O último foco de tensão rebentou a 10 de dezembro, quando os sérvios ergueram barreiras e trocaram tiros com a polícia, após a detenção de um ex-agente sérvio por, alegadamente, ter atacado as forças de segurança kosovares. Dejan Pantic foi acusado de terrorismo. O chefe da diplomacia europeia, Josep Borrell, apressou-se a condenar os ataques, apelando aos sérvios para que levantassem as barricadas, onde se repetiram episódios de violência.

Mas a situação já não tinha estado tensa há uns meses?
A detenção de Pantic relançou a violência e os protestos que tinham ocorrido durante o verão. A decisão do governo do Kosovo de exigir que os sérvios troquem as matrículas dos seus carros emitidas por Belgrado por aquelas emitidas por Pristina (numa tentativa de asseverar a sua própria autoridade) levou à escalada da tensão a partir de julho. Nessa altura foi anunciado que, em poucos meses, começariam a ser passadas multas a quem tivesse matrícula sérvia, após dois anos de disputa sobre este tema. Não reconhecendo a soberania do Kosovo, a minoria sérvia respondeu com protestos e erguendo barricadas nas zonas próximas da fronteira.

Como é que a situação ficou resolvida?
Pristina acabou por adiar a entrada em vigor da obrigatoriedade de uso de matrículas kosovares, com a União Europeia a mediar um acordo entre a Sérvia (que pediu para ser membro em 2009 e tem o estatuto de país candidato desde 2012) e o Kosovo (que apresentou formalmente a sua candidatura no passado dia 15). Os dois países já tinham assinado em 2013 um acordo de princípio para a normalização das relações, o Acordo de Bruxelas, que ambos os lados disseram, entretanto, estar praticamente morto.

Voltando à tensão dos últimos dias, o que têm dito as autoridades sérvias?
O presidente sérvio, Aleksandar Vucic, disse que ia pedir autorização à NATO para enviar mil polícias e militares sérvios para o Kosovo, algo que foi rejeitado prontamente pela Aliança Atlântica e pela comunidade internacional. Reforçou contudo as suas tropas junto à fronteira, declarando o Estado de Alerta e enviando para a região o chefe de Estado-Maior do Exército, Milan Mojsilovic.

Da mesma forma, o governo sérvio disse recear que a situação no Kosovo estivesse "à beira de um conflito armado", dizendo querer fazer "tudo para preservar a paz e a estabilidade".

As autoridades de Belgrado alegam que o Kosovo está a violar sistematicamente os Direitos Humanos da minoria sérvia no país, com tanto a União Europeia, como os EUA a ignorarem a situação. Por seu lado, a Rússia reiterou o seu apoio à Sérvia nas suas ações para acabar com as tensões no Kosovo, com o Kremlin a reiterar as "relações de aliados muito estreitas, históricas e espirituais" com Belgrado.

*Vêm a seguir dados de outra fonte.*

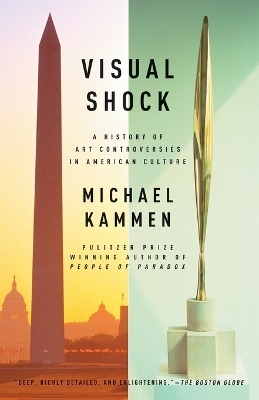 Visual Shock - Michael Kammen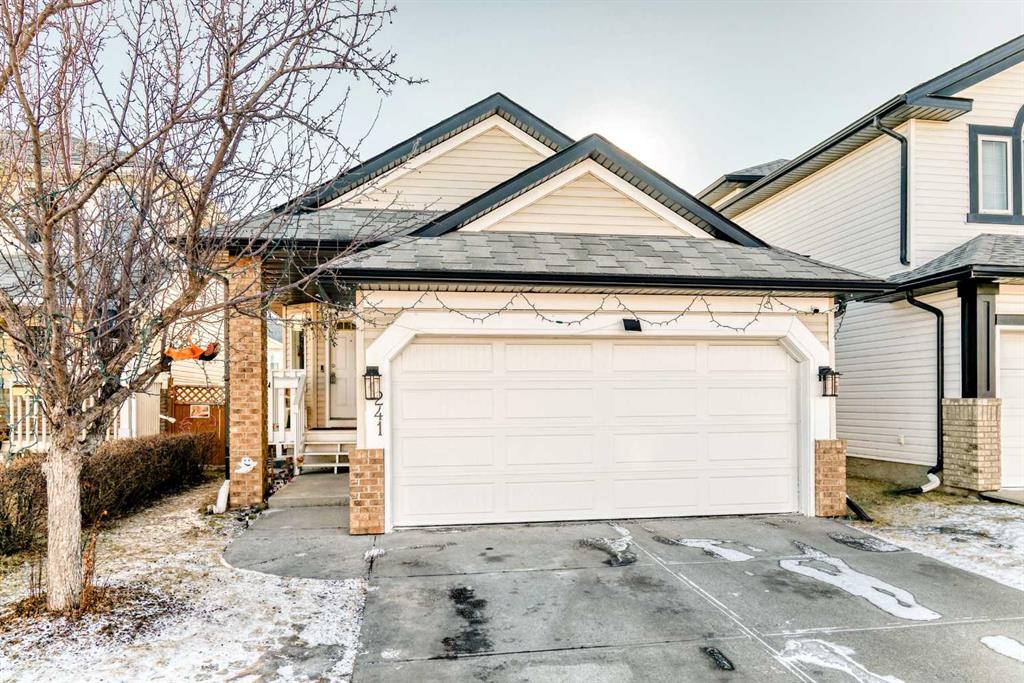 Picture of 241 Los Alamos Place NE, Calgary Real Estate Listing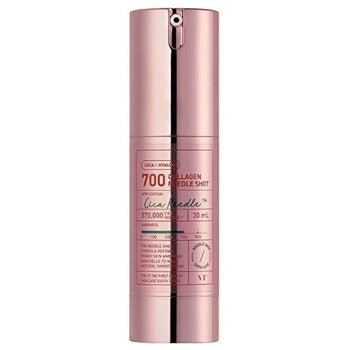 VT Cosmetics - Collagen Reedle Shot 700 Serum - Mikrojehličkové sérum - 30ml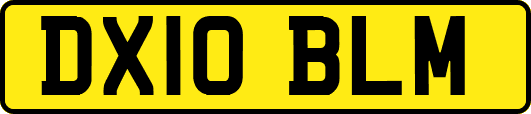 DX10BLM
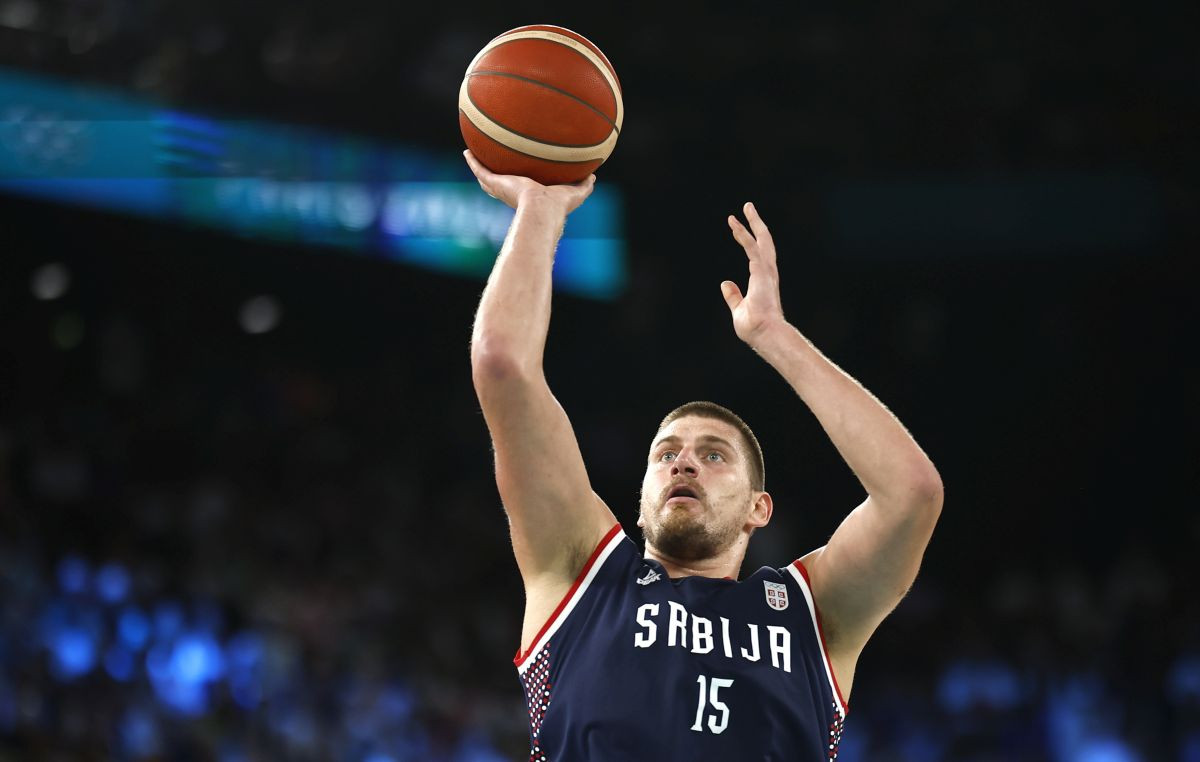Repriza prošlogodišnjeg Mundobasketa: Srbija došla do bronzane medalje! Repriza prošlogodišnjeg Mundobasketa: Srbija došla do bronzane medalje!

E o que tem feito o Kosovo?
Face ao reforço militar sérvio e às inúmeras barricadas, o Kosovo fechou o principal posto fronteiriço, tendo pedido ajuda às forças da NATO para retirar as barricadas. Da mesma forma, adiou para abril do próximo ano as eleições locais que estavam previstas para as zonas no norte, que são de maioria sérvia. Estas eleições foram desencadeadas pela demissão de autarcas, assim como de juízes e polícias sérvios, em protesto pela decisão do governo de proibir as matrículas sérvias.

A situação já está mais calma?
Os apelos conjuntos da União Europeia e dos EUA para a desescalada da tensão e "moderação máxima", assim como a decisão do Kosovo de colocar o ex-agente Pantic em prisão domiciliária, ajudaram acalmar os ânimos. Na quinta-feira, os sérvios do Kosovo começaram a retirar as barricadas que tinham erguido nas últimas semanas e a fronteira foi reaberta. O presidente sérvio levantou, entretanto, o Estado de Alerta em que estavam as Forças Armadas.